In a scene prior to the alien invasion, another character asks Katie why, given her busy family life, she also feels the needs to run a bar. She answers, “Purpose. I grew up watching my mom dedicate her life to being a mother and wife to a naval officer. It was important to me that my kids see me as more than that.” Ouch! I tune in to watch space ships getting blown up and instead I get told I’m wasting my life. Apparently, mixing up Long-Island ice teas has more “purpose” than being home with your family.
When mothers make comments like “I miss using my brain,” we help perpetuate this cultural narrative. Perhaps it’s understandable that we’d parrot something we hear so often, but that is even more reason not to go along with it.
We’re Using Our Brains, But In Different Ways
Since the birth of my second child last year, I’ve made a conscious effort to own the label “stay-at-home mother.” Up to then, I still did a large amount of freelance work. When people asked me how I spent my days, I usually mentioned that. I couldn’t bear to let them think I didn’t have a “real job.” But the adjustment of going from one to two children has mostly killed off my freelancing. And I’ve realized the difference is far less significant than I assumed it would be.
I have a college degree and worked for nearly a decade before I became a mother. The energy and ambition that I used to put into my career, I now put into my family. I’m still constantly drawing on my education and professional skills, but for a much more meaningful purpose. Most of the projects I worked on in my previous career are now obsolete. I believe my husband and children have eternal souls.

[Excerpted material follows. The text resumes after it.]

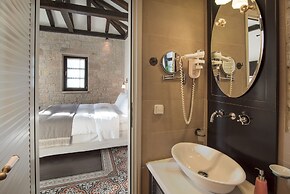 Polismata - Private Residences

In the past, I sometimes said that my freelancing provided me with “intellectual stimulation.” I regret saying that. Freelance projects are more like an intellectual change of pace. No doubt we’ve all experienced how refreshing it is to get away and do something completely different. When I go out and do freelance work for a few hours, I come back energized for my homemaking.
I still draw on my academic and professional training in countless ways. I read books on child development. I am constantly thinking about strategies to encourage good behavior and reduce disobedience. I’m trying to figure out how to incorporate traditions from my husband’s and my cultural backgrounds into our family life. This list could go on and on. My work as a stay-at-mother provides me with more intellectual stimulation than I know what to do with.
At this point, I should keep it real and admit that I hate cleaning. But even here I draw on my professional experience. I apply the 80/20 rule: 20 percent of the mess is responsible for 80 percent of the messy appearance. Deal with that 20 percent, and the rest doesn’t matter so much.
I should also acknowledge that, yes, it is possible to do homemaking in a brainless way. I suppose you can put in a bare minimum in the morning then spend the rest of the day on social media. Maybe then you are better off running a bar. But most of the mothers I know strive to do their work in the home with excellence. They use their brains all day long. As mothers, we should refuse to make comments that suggest otherwise. It’s up to us to take a stand. If we wait for popular culture to start respecting our work, we’ll be waiting a long time.